▸ WORK INSTRUCTIONS:
The listing below should be printed exactly, every line of it. Skip the pictures.
[[ INPUT DATA, beginning ]]
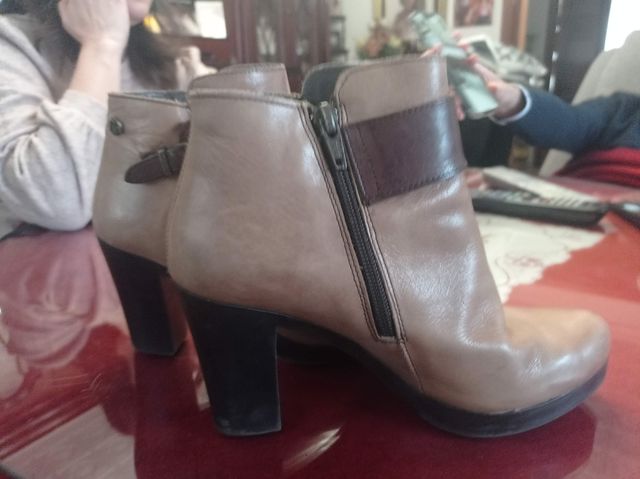 Botas cortas piel auténtica color canela marca BA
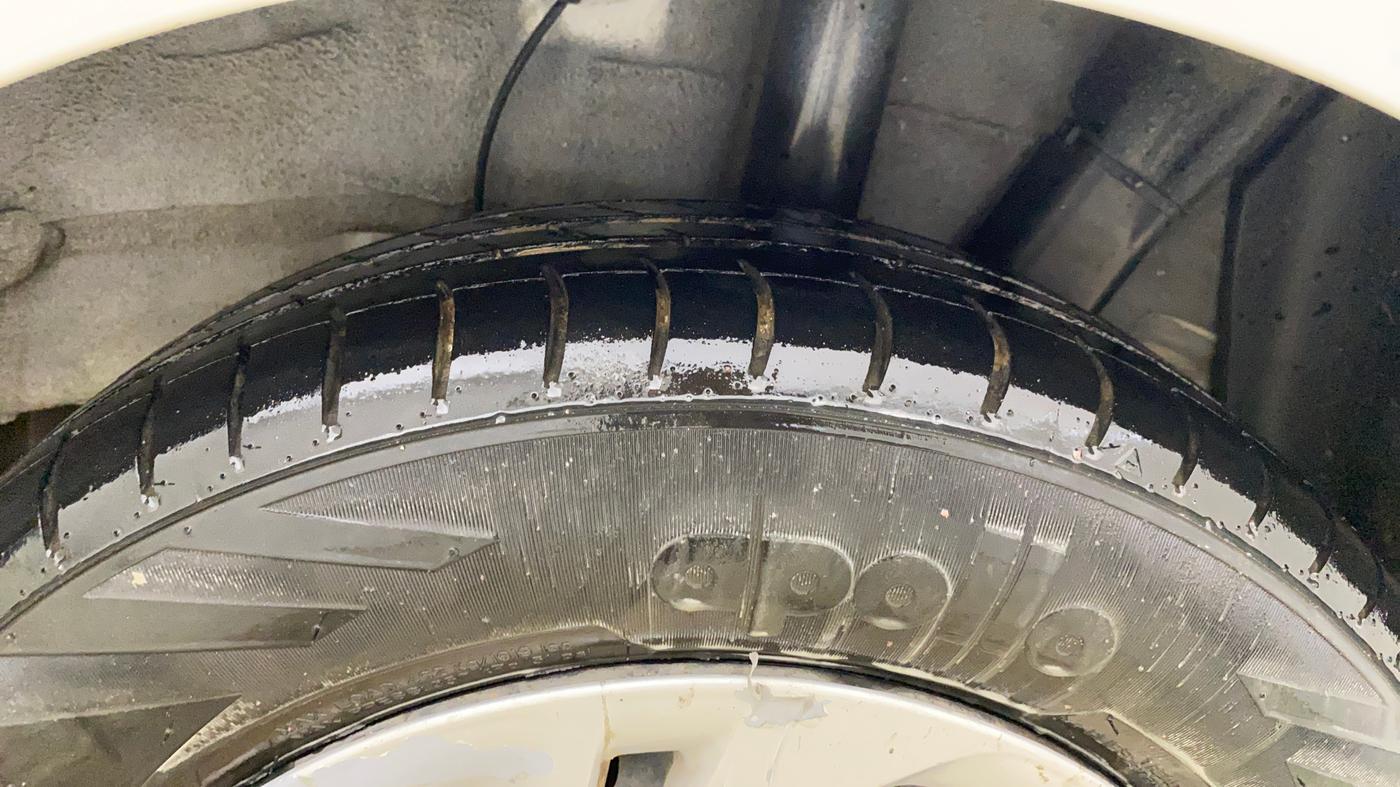 2022 Hyundai AURA S 1.2 CNG, CNG, Manual, 1,36,686 km, Left Rear Tyre Tread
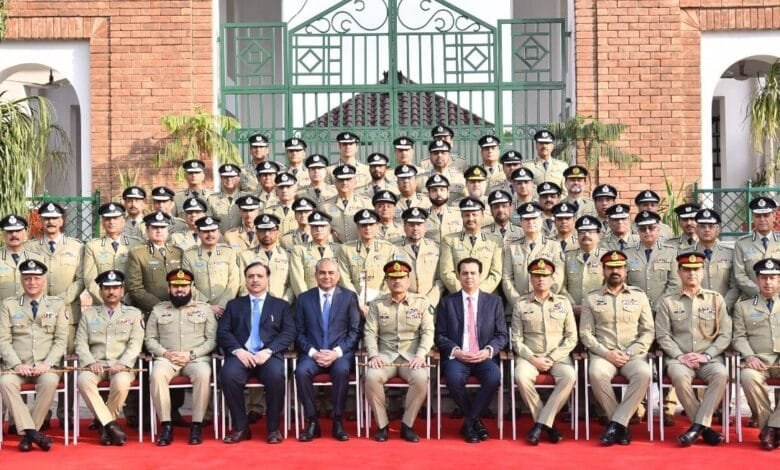 پولیس داخلی سلامتی کی پہلی دفاعی لائن، پاک فوج پولیس کے شانہ بشانہ کھڑی ہے: فیلڈ مارشل اینڈ چیف آف ڈیفنس اسٹاف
[[ INPUT DATA, end ]]
▸ RESULT OF THE TASK:
 Botas cortas piel auténtica color canela marca BA
 2022 Hyundai AURA S 1.2 CNG, CNG, Manual, 1,36,686 km, Left Rear Tyre Tread
 پولیس داخلی سلامتی کی پہلی دفاعی لائن، پاک فوج پولیس کے شانہ بشانہ کھڑی ہے: فیلڈ مارشل اینڈ چیف آف ڈیفنس اسٹاف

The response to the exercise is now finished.